How to fix this recursive addition?

Question

I am new to logic programming and Prolog. The following Prolog program defines a predicate add/3 for multiplying the first argument to the second argument, which results in the third argument, based on the equation x + y = z which is equivalent to (x − 1) + y = (z − 1):

add(0, Y, Y) :-
  number(Y).
add(X, Y, Z) :-
  number(X),
  number(Z),
  succ(U, X),
  succ(V, Z),
  add(U, Y, V).

But it this query, supposed to solve the equation 1 + 0 = z, does not return the expected result (1):

?- add(1, 0, Z).
   false.

How to fix this recursive addition?

Answer 1

The reason you get false is because the second clause of add/3 calls number(Z) which only succeeds for ground number variables, but you are calling it with Z uninstantiated. number/1 cannot be used as a generator.

Removing that goal will in turn give you another error, now in succ(V, Z) as you end up calling it with both variables uninstantiated and that predicate requires that at least one of its arguments be instantiated.

You can swap the goal with the recursive call to add/3 so that V gets instantiated prior to calling succ/2. As succ/2 already checks its arguments I will just remove the check for X being a number.

add(0, Y, Y) :-
  number(Y).
add(X, Y, Z) :- 
  succ(U, X),
  add(U, Y, V),
  succ(V, Z).

This procedure now should work for mode +,+,?. It will not work right for other modes.
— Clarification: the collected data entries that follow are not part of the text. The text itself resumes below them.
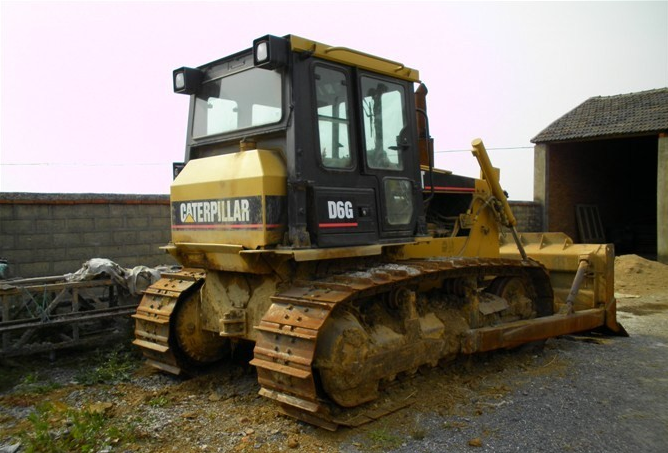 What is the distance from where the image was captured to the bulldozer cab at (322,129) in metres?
4.53

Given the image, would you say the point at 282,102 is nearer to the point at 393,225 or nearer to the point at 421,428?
the point at 393,225

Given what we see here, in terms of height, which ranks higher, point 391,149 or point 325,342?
point 391,149

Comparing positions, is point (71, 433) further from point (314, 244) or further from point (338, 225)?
point (338, 225)

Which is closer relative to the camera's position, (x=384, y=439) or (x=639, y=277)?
(x=384, y=439)

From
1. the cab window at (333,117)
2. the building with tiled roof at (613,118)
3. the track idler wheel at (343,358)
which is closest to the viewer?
the track idler wheel at (343,358)

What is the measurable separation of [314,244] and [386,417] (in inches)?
55.8

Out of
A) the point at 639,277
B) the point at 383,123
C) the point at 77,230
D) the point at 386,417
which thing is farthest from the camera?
the point at 639,277

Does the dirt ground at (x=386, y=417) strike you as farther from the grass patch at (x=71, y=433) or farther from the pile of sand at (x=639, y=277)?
the pile of sand at (x=639, y=277)

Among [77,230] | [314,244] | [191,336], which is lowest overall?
[191,336]

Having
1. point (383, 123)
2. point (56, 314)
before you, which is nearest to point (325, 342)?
point (383, 123)

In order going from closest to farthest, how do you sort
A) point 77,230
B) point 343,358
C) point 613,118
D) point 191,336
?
point 343,358
point 191,336
point 77,230
point 613,118

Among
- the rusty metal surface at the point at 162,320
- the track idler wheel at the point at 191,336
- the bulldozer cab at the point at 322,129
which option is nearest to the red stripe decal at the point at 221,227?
the bulldozer cab at the point at 322,129

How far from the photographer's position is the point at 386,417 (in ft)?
14.7

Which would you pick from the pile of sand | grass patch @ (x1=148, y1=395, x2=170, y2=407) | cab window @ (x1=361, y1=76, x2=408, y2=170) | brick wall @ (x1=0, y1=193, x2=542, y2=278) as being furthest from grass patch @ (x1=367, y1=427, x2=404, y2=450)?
the pile of sand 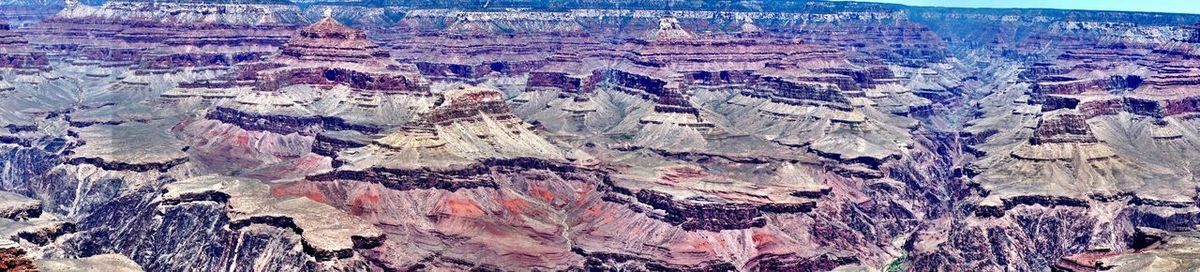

You may want to check CLP(fd).

---

To make it work with at most 1 unbound variable within the three parameters you may split the recursive step on two different paths so as to ensure the first call to succ/2 has 1 bound variable and the second call to succ/2 has at least 1 bound variable.

add(0, Y, Y) :-
  number(Y).
add(X, Y, Z) :-
  (var(Z) -> L1-R1/L2-R2 = U-X/V-Z; L2-R2/L1-R1 = U-X/V-Z),
  succ(L1, R1),
  add(U, Y, V),
  succ(L2, R2).

which essentially selects an equation which can be evaluated with Prolog arithmetics.